* _DATA TO EXAMINE_

***

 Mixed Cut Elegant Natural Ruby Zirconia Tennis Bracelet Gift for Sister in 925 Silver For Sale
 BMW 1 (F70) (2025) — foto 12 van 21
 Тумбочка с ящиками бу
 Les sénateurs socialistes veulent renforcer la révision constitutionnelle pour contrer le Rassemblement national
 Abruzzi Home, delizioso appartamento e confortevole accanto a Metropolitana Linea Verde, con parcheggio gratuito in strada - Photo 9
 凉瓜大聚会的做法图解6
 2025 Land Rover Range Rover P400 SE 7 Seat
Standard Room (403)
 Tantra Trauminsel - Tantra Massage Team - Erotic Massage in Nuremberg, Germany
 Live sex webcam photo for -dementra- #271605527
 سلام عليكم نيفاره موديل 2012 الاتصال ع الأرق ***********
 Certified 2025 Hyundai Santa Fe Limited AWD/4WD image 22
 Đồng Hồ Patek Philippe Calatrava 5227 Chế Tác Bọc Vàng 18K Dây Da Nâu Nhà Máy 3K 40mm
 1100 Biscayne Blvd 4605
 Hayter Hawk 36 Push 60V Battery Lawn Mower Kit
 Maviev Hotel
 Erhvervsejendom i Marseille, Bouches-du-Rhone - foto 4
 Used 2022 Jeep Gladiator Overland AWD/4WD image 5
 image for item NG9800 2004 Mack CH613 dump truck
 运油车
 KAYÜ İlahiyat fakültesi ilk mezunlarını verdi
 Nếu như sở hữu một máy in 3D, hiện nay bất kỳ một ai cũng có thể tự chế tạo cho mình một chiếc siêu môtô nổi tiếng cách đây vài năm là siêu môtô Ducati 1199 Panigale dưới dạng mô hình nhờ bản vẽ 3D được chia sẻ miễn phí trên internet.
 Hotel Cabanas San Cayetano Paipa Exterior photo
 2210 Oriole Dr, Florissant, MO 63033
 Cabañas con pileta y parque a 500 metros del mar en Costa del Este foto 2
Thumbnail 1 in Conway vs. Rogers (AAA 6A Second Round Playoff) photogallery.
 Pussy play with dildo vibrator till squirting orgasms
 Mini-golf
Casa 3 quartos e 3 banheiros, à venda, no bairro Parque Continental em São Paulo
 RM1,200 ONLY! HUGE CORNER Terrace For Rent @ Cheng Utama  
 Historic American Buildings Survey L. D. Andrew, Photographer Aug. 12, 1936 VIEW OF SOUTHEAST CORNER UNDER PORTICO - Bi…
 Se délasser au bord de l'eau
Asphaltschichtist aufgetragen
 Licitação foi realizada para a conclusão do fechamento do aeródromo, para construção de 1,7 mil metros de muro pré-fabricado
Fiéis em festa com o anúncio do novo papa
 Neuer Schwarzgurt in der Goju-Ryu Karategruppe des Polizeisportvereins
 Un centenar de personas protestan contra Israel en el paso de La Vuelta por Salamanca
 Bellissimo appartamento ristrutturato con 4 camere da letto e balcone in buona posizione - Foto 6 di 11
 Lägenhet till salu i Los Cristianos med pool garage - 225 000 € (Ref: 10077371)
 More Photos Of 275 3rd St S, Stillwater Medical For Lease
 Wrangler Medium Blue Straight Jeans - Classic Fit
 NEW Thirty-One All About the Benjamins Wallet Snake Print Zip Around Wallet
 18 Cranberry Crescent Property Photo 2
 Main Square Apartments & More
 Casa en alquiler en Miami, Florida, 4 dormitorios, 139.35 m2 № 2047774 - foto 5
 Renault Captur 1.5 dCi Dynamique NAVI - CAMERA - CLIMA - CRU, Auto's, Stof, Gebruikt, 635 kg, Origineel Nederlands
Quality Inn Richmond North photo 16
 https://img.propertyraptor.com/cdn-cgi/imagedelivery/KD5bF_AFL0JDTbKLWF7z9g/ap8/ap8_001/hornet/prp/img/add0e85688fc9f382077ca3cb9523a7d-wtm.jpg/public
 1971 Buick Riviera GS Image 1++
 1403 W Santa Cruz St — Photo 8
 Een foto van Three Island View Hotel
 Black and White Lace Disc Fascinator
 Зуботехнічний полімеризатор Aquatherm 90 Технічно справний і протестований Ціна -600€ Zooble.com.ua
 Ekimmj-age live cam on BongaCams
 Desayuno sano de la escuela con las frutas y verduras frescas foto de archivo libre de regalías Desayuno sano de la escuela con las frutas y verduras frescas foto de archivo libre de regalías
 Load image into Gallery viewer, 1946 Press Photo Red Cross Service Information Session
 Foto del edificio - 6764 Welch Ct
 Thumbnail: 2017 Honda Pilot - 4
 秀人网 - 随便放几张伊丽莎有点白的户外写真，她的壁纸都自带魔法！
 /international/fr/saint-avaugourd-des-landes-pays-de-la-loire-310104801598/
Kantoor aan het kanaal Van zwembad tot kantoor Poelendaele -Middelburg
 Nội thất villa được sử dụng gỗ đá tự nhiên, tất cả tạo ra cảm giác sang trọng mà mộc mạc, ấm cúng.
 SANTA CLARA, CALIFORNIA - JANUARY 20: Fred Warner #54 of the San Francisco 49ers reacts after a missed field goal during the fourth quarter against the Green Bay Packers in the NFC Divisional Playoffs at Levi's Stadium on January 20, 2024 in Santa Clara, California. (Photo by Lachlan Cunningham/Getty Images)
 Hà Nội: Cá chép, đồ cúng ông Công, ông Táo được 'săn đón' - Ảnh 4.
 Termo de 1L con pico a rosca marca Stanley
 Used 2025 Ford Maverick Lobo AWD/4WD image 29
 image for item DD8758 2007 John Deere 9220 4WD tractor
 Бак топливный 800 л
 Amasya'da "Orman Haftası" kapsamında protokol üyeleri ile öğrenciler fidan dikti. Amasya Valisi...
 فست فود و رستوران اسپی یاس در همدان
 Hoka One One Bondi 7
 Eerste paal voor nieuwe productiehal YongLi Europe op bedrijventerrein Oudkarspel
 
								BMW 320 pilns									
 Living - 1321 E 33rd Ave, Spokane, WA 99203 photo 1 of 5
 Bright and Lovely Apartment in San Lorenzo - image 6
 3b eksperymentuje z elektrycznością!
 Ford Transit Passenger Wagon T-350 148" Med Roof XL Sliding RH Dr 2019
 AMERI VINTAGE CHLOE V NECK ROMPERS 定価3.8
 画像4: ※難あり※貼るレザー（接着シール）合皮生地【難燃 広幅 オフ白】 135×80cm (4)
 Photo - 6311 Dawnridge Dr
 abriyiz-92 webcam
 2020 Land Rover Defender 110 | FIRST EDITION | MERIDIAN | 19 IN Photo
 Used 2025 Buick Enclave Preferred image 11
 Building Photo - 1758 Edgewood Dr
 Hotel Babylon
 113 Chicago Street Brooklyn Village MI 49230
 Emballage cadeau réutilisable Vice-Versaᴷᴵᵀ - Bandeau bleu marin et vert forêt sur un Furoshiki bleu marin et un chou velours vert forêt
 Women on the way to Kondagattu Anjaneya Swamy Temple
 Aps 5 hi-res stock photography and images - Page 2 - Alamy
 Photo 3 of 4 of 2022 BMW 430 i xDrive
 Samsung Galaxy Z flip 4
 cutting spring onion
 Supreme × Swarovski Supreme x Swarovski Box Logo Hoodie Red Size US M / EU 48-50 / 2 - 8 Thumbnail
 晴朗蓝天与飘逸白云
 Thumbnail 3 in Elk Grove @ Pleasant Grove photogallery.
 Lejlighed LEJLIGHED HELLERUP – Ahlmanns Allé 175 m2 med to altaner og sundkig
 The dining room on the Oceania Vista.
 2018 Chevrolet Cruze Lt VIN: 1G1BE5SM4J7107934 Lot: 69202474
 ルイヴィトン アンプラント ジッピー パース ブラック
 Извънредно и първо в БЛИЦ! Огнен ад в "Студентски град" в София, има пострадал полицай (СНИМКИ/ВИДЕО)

***

* _PROBLEM TO SOLVE_
Go through the data above and return every line exactly.

* _ANSWER TO THIS TASK_
 Mixed Cut Elegant Natural Ruby Zirconia Tennis Bracelet Gift for Sister in 925 Silver For Sale
 BMW 1 (F70) (2025) — foto 12 van 21
 Тумбочка с ящиками бу
 Les sénateurs socialistes veulent renforcer la révision constitutionnelle pour contrer le Rassemblement national
 Abruzzi Home, delizioso appartamento e confortevole accanto a Metropolitana Linea Verde, con parcheggio gratuito in strada - Photo 9
 凉瓜大聚会的做法图解6
 2025 Land Rover Range Rover P400 SE 7 Seat
Standard Room (403)
 Tantra Trauminsel - Tantra Massage Team - Erotic Massage in Nuremberg, Germany
 Live sex webcam photo for -dementra- #271605527
 سلام عليكم نيفاره موديل 2012 الاتصال ع الأرق ***********
 Certified 2025 Hyundai Santa Fe Limited AWD/4WD image 22
 Đồng Hồ Patek Philippe Calatrava 5227 Chế Tác Bọc Vàng 18K Dây Da Nâu Nhà Máy 3K 40mm
 1100 Biscayne Blvd 4605
 Hayter Hawk 36 Push 60V Battery Lawn Mower Kit
 Maviev Hotel
 Erhvervsejendom i Marseille, Bouches-du-Rhone - foto 4
 Used 2022 Jeep Gladiator Overland AWD/4WD image 5
 image for item NG9800 2004 Mack CH613 dump truck
 运油车
 KAYÜ İlahiyat fakültesi ilk mezunlarını verdi
 Nếu như sở hữu một máy in 3D, hiện nay bất kỳ một ai cũng có thể tự chế tạo cho mình một chiếc siêu môtô nổi tiếng cách đây vài năm là siêu môtô Ducati 1199 Panigale dưới dạng mô hình nhờ bản vẽ 3D được chia sẻ miễn phí trên internet.
 Hotel Cabanas San Cayetano Paipa Exterior photo
 2210 Oriole Dr, Florissant, MO 63033
 Cabañas con pileta y parque a 500 metros del mar en Costa del Este foto 2
Thumbnail 1 in Conway vs. Rogers (AAA 6A Second Round Playoff) photogallery.
 Pussy play with dildo vibrator till squirting orgasms
 Mini-golf
Casa 3 quartos e 3 banheiros, à venda, no bairro Parque Continental em São Paulo
 RM1,200 ONLY! HUGE CORNER Terrace For Rent @ Cheng Utama  
 Historic American Buildings Survey L. D. Andrew, Photographer Aug. 12, 1936 VIEW OF SOUTHEAST CORNER UNDER PORTICO - Bi…
 Se délasser au bord de l'eau
Asphaltschichtist aufgetragen
 Licitação foi realizada para a conclusão do fechamento do aeródromo, para construção de 1,7 mil metros de muro pré-fabricado
Fiéis em festa com o anúncio do novo papa
 Neuer Schwarzgurt in der Goju-Ryu Karategruppe des Polizeisportvereins
 Un centenar de personas protestan contra Israel en el paso de La Vuelta por Salamanca
 Bellissimo appartamento ristrutturato con 4 camere da letto e balcone in buona posizione - Foto 6 di 11
 Lägenhet till salu i Los Cristianos med pool garage - 225 000 € (Ref: 10077371)
 More Photos Of 275 3rd St S, Stillwater Medical For Lease
 Wrangler Medium Blue Straight Jeans - Classic Fit
 NEW Thirty-One All About the Benjamins Wallet Snake Print Zip Around Wallet
 18 Cranberry Crescent Property Photo 2
 Main Square Apartments & More
 Casa en alquiler en Miami, Florida, 4 dormitorios, 139.35 m2 № 2047774 - foto 5
 Renault Captur 1.5 dCi Dynamique NAVI - CAMERA - CLIMA - CRU, Auto's, Stof, Gebruikt, 635 kg, Origineel Nederlands
Quality Inn Richmond North photo 16
 https://img.propertyraptor.com/cdn-cgi/imagedelivery/KD5bF_AFL0JDTbKLWF7z9g/ap8/ap8_001/hornet/prp/img/add0e85688fc9f382077ca3cb9523a7d-wtm.jpg/public
 1971 Buick Riviera GS Image 1++
 1403 W Santa Cruz St — Photo 8
 Een foto van Three Island View Hotel
 Black and White Lace Disc Fascinator
 Зуботехнічний полімеризатор Aquatherm 90 Технічно справний і протестований Ціна -600€ Zooble.com.ua
 Ekimmj-age live cam on BongaCams
 Desayuno sano de la escuela con las frutas y verduras frescas foto de archivo libre de regalías Desayuno sano de la escuela con las frutas y verduras frescas foto de archivo libre de regalías
 Load image into Gallery viewer, 1946 Press Photo Red Cross Service Information Session
 Foto del edificio - 6764 Welch Ct
 Thumbnail: 2017 Honda Pilot - 4
 秀人网 - 随便放几张伊丽莎有点白的户外写真，她的壁纸都自带魔法！
 /international/fr/saint-avaugourd-des-landes-pays-de-la-loire-310104801598/
Kantoor aan het kanaal Van zwembad tot kantoor Poelendaele -Middelburg
 Nội thất villa được sử dụng gỗ đá tự nhiên, tất cả tạo ra cảm giác sang trọng mà mộc mạc, ấm cúng.
 SANTA CLARA, CALIFORNIA - JANUARY 20: Fred Warner #54 of the San Francisco 49ers reacts after a missed field goal during the fourth quarter against the Green Bay Packers in the NFC Divisional Playoffs at Levi's Stadium on January 20, 2024 in Santa Clara, California. (Photo by Lachlan Cunningham/Getty Images)
 Hà Nội: Cá chép, đồ cúng ông Công, ông Táo được 'săn đón' - Ảnh 4.
 Termo de 1L con pico a rosca marca Stanley
 Used 2025 Ford Maverick Lobo AWD/4WD image 29
 image for item DD8758 2007 John Deere 9220 4WD tractor
 Бак топливный 800 л
 Amasya'da "Orman Haftası" kapsamında protokol üyeleri ile öğrenciler fidan dikti. Amasya Valisi...
 فست فود و رستوران اسپی یاس در همدان
 Hoka One One Bondi 7
 Eerste paal voor nieuwe productiehal YongLi Europe op bedrijventerrein Oudkarspel
 
								BMW 320 pilns									
 Living - 1321 E 33rd Ave, Spokane, WA 99203 photo 1 of 5
 Bright and Lovely Apartment in San Lorenzo - image 6
 3b eksperymentuje z elektrycznością!
 Ford Transit Passenger Wagon T-350 148" Med Roof XL Sliding RH Dr 2019
 AMERI VINTAGE CHLOE V NECK ROMPERS 定価3.8
 画像4: ※難あり※貼るレザー（接着シール）合皮生地【難燃 広幅 オフ白】 135×80cm (4)
 Photo - 6311 Dawnridge Dr
 abriyiz-92 webcam
 2020 Land Rover Defender 110 | FIRST EDITION | MERIDIAN | 19 IN Photo
 Used 2025 Buick Enclave Preferred image 11
 Building Photo - 1758 Edgewood Dr
 Hotel Babylon
 113 Chicago Street Brooklyn Village MI 49230
 Emballage cadeau réutilisable Vice-Versaᴷᴵᵀ - Bandeau bleu marin et vert forêt sur un Furoshiki bleu marin et un chou velours vert forêt
 Women on the way to Kondagattu Anjaneya Swamy Temple
 Aps 5 hi-res stock photography and images - Page 2 - Alamy
 Photo 3 of 4 of 2022 BMW 430 i xDrive
 Samsung Galaxy Z flip 4
 cutting spring onion
 Supreme × Swarovski Supreme x Swarovski Box Logo Hoodie Red Size US M / EU 48-50 / 2 - 8 Thumbnail
 晴朗蓝天与飘逸白云
 Thumbnail 3 in Elk Grove @ Pleasant Grove photogallery.
 Lejlighed LEJLIGHED HELLERUP – Ahlmanns Allé 175 m2 med to altaner og sundkig
 The dining room on the Oceania Vista.
 2018 Chevrolet Cruze Lt VIN: 1G1BE5SM4J7107934 Lot: 69202474
 ルイヴィトン アンプラント ジッピー パース ブラック
 Извънредно и първо в БЛИЦ! Огнен ад в "Студентски град" в София, има пострадал полицай (СНИМКИ/ВИДЕО)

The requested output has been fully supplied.